**DATASET EXCERPT:**
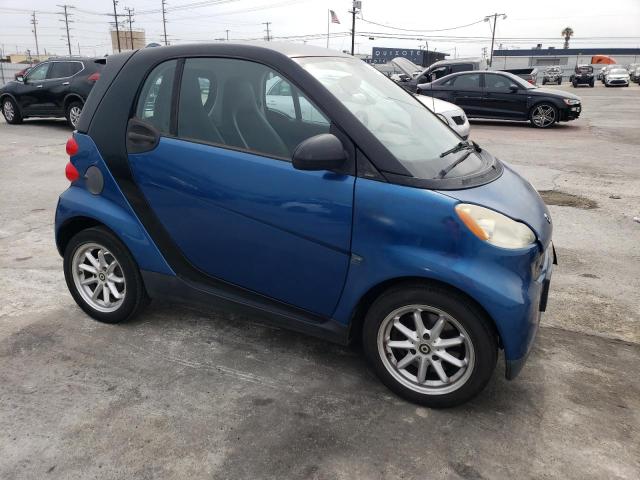 WMEEJ31X79K291535 - 2009 SMART FORTWO PURE BLUE photo 4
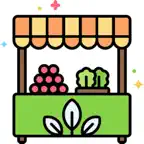 Farmers' Market Locator iOS Icon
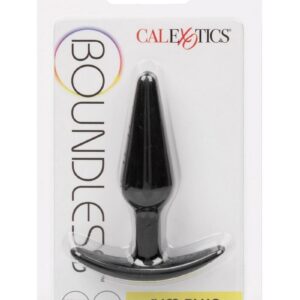 Boundless Slim Silicone Plug - Black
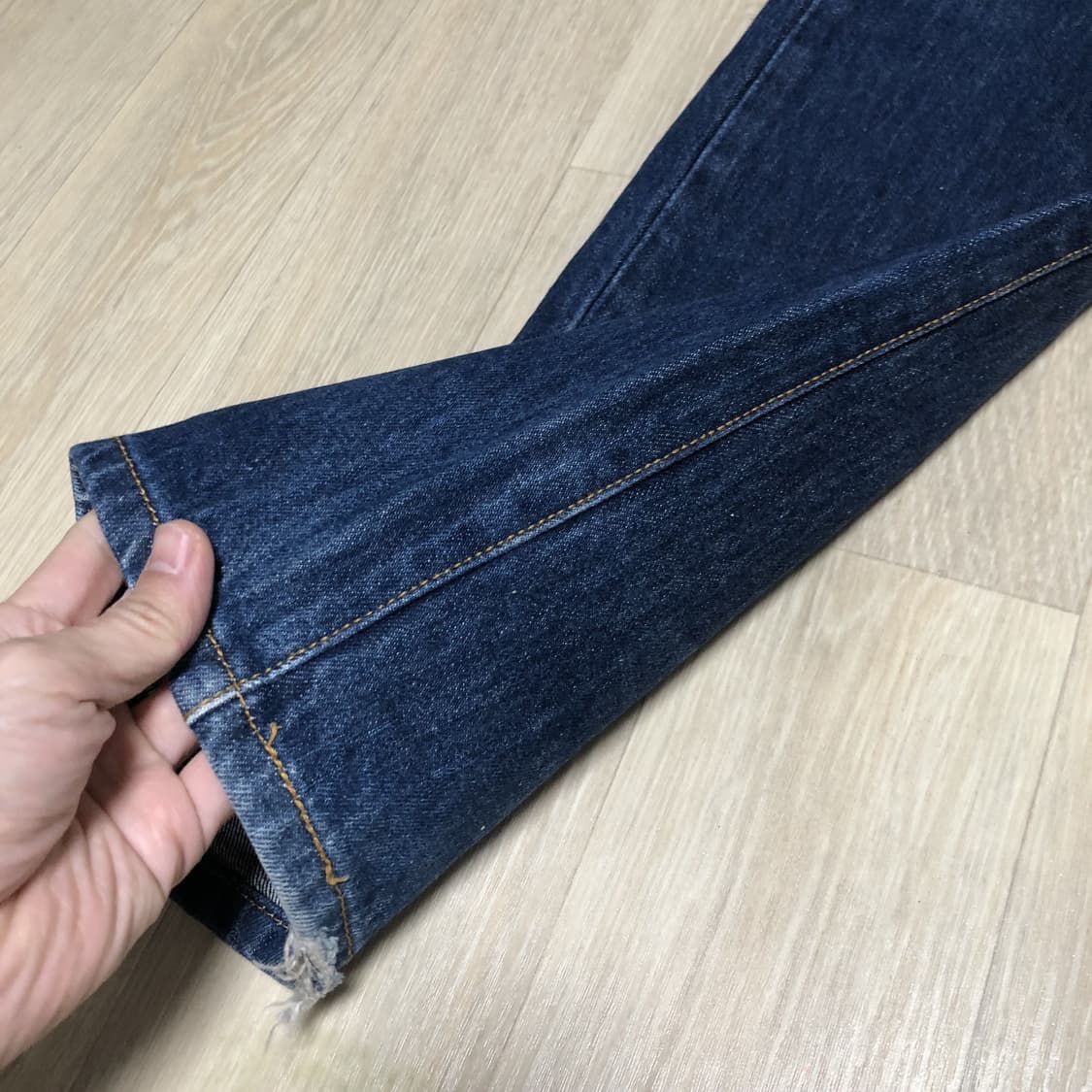 (31) 00's 리바이스 Levi's 501 스트레이트핏 중청 데님 상품이미지2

**WHAT IS EXPECTED:**
Beginning at the line with "Farmers' Market Locator iOS Icon" and ending at the last line of the listing above, retype each line exactly, including those two lines. Leave the pictures out.

**SOLUTION FOR THIS EXERCISE:**
 Farmers' Market Locator iOS Icon
 Boundless Slim Silicone Plug - Black
 (31) 00's 리바이스 Levi's 501 스트레이트핏 중청 데님 상품이미지2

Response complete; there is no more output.